Additional facts were given concerning the ruling prices for the varieties of stone, tables presenting all the determinations obtainable in reference to the crushing strength of the varieties used in New York, lists of the dealers in building and ornamental stones, etc.
III. DURABILITY OF BUILDING STONES, IN NEW CITY AND VICINITY.
All varieties of soft, porous, and untested stones are being hurried into the masonry of the buildings of New York city and its vicinity. On many of them the ravages of the weather and the need of the repairer are apparent within five years after their erection, and a resistance to much decay for twenty or thirty years is usually considered wonderful and perfectly satisfactory.

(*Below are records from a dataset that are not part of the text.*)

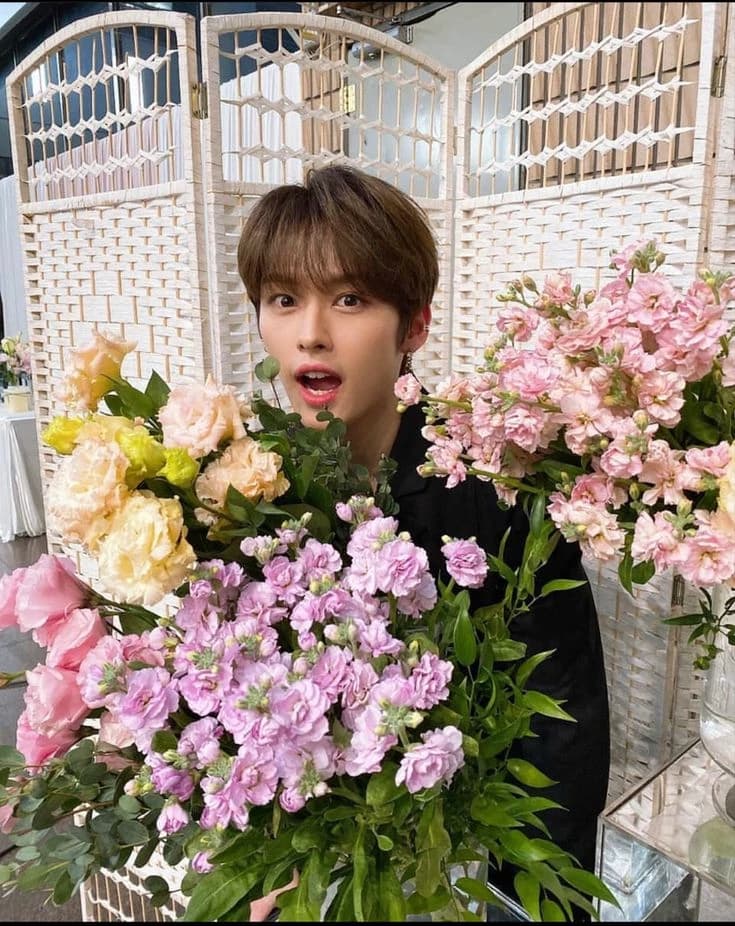 Lee know thumbnail
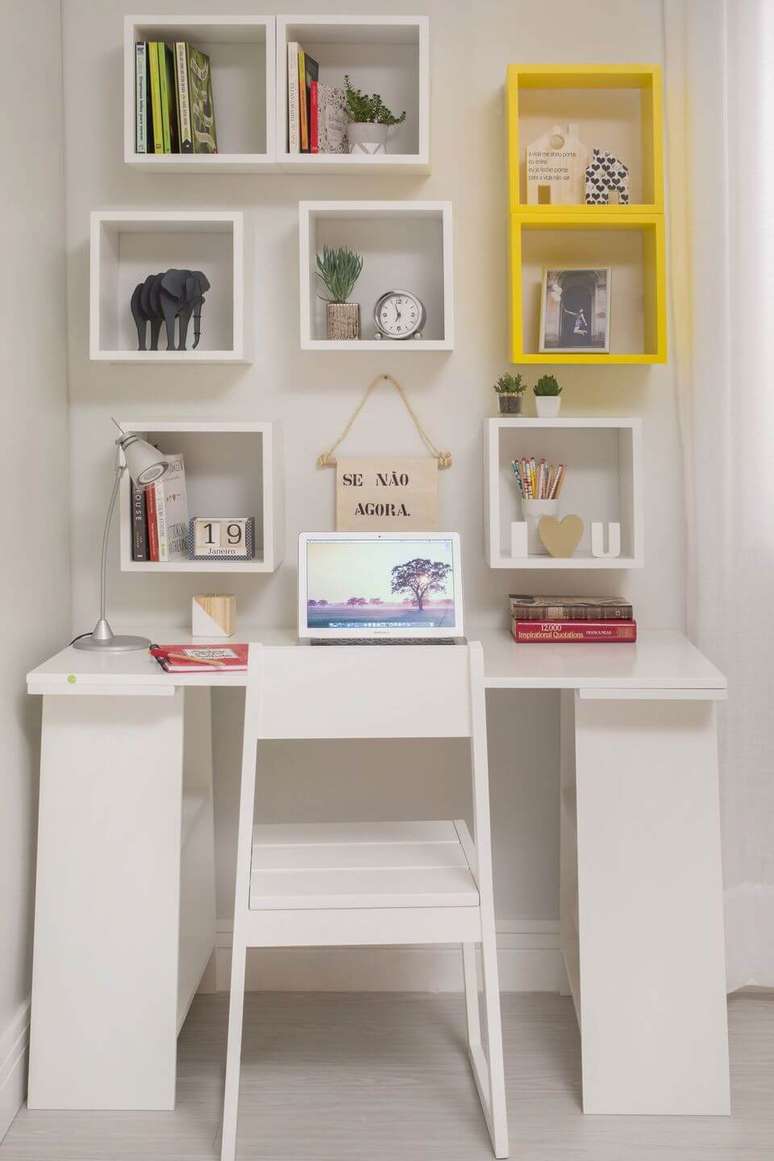 42. &Eacute; muito comum encontrar decora&ccedil;&otilde;es com cor amarela combinada com branco. Projeto de Meu M&oacute;vel de Madeira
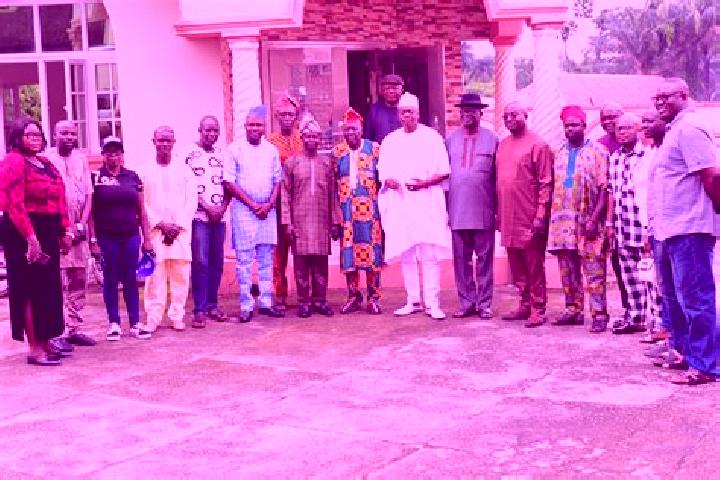 Escorts Igbara-Oke, Nigeria — Local Companions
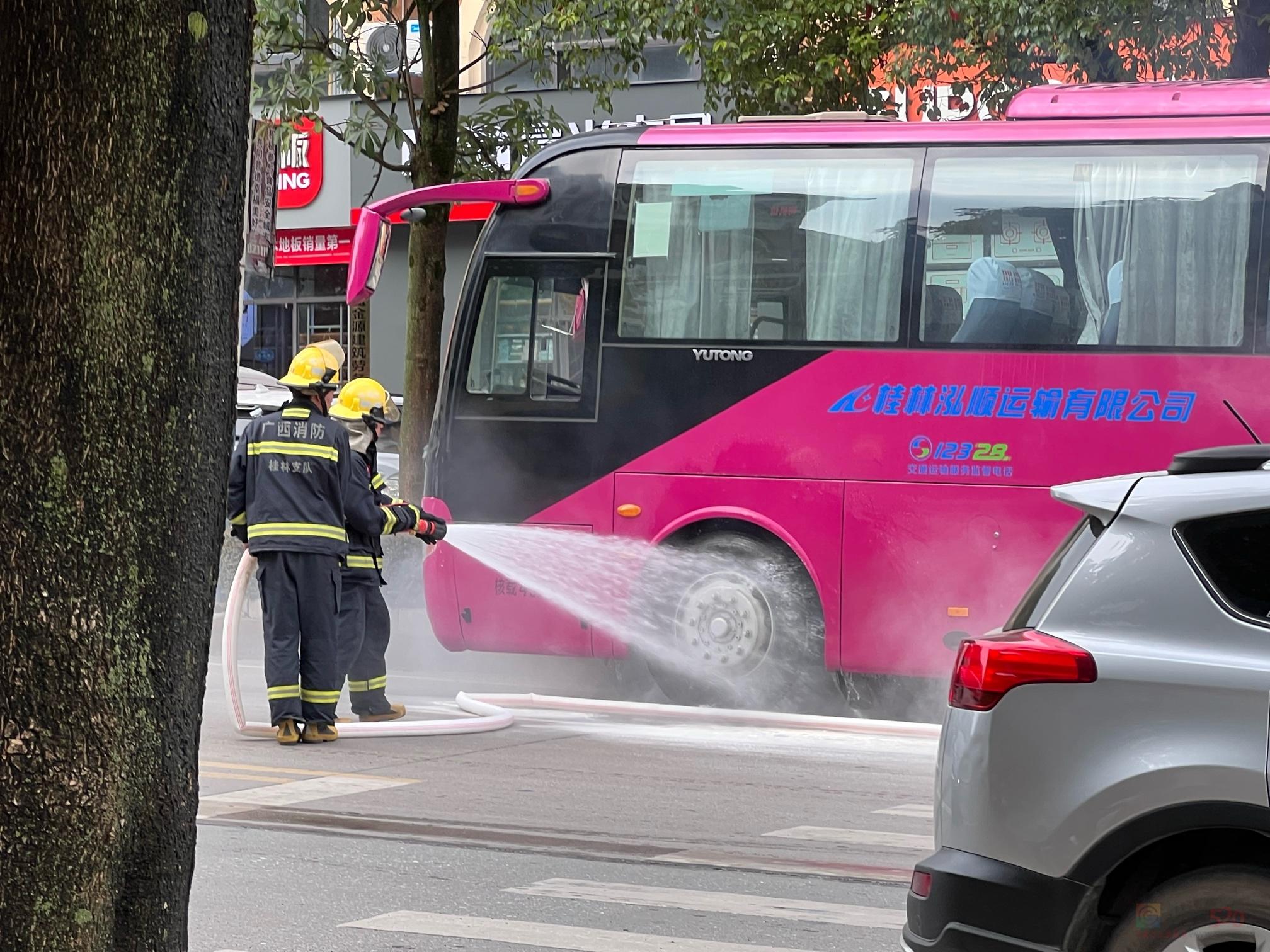 消防队路口一辆班车轮胎起烟了951 / 作者:小矮人 / 帖子ID:299227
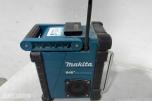 Makita verktøypakke med 5 maskiner, radio, lykt, batterier og lader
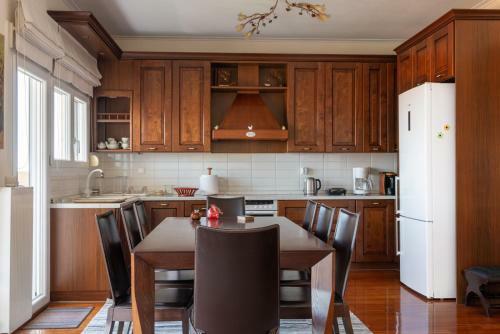 Rodon Villa With Sauna And Private Parking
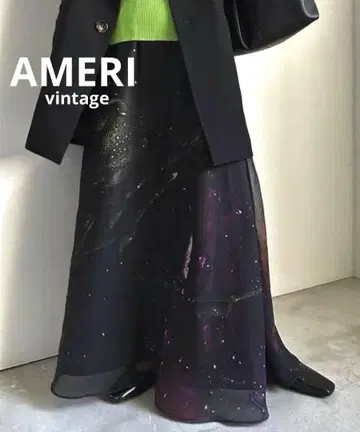 컨디션 최상 FROSTED GLASS FLOWER FLARE SKIRT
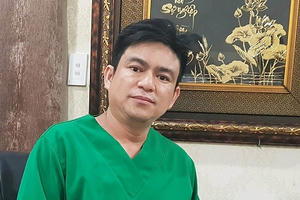 Bắt nhóm đối tượng truy sát bác sĩ Chiêm Quốc Thái giữa phố đi bộ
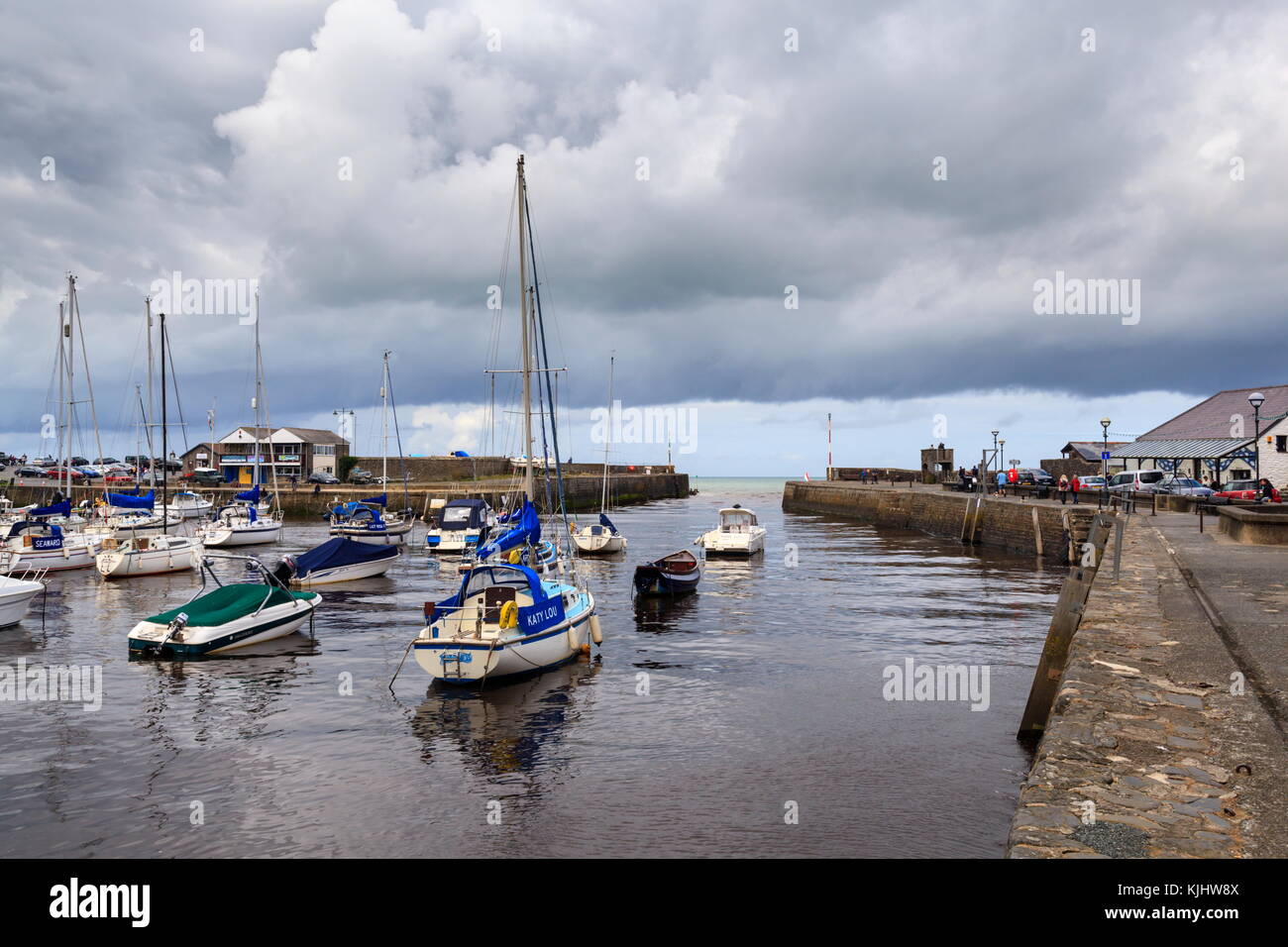 Grauer Himmel sitzen über aberaeron Hafen und Boote an ihrem Liegeplatz Aufenthalt Stockfoto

Notwithstanding the general injury to the appearance of the rotten stone, and the enormous losses annually involved in the extensive repairs, painting, or demolition, little concern is yet manifested by either architects, builders, or house owners. Hardly any department of technical science is so much neglected as that which embraces the study of the nature of stone, and all the varied resources of lithology in chemical, microscopical, and physical methods of investigation, wonderfully developed within the last quarter century, have never yet been properly applied to the selection and protection of stone, as used for building purposes. Much alarm has been caused abroad in the rapid decay and fast approaching ruin of the most important monuments, cathedrals, and public buildings, but in many instances the means have been found for their artificial protection, e. g., the Louvre, and many palaces in and near Paris, France, St. Charles Church in Vienna, Austria, the Houses of Parliament, etc., in London, England, etc.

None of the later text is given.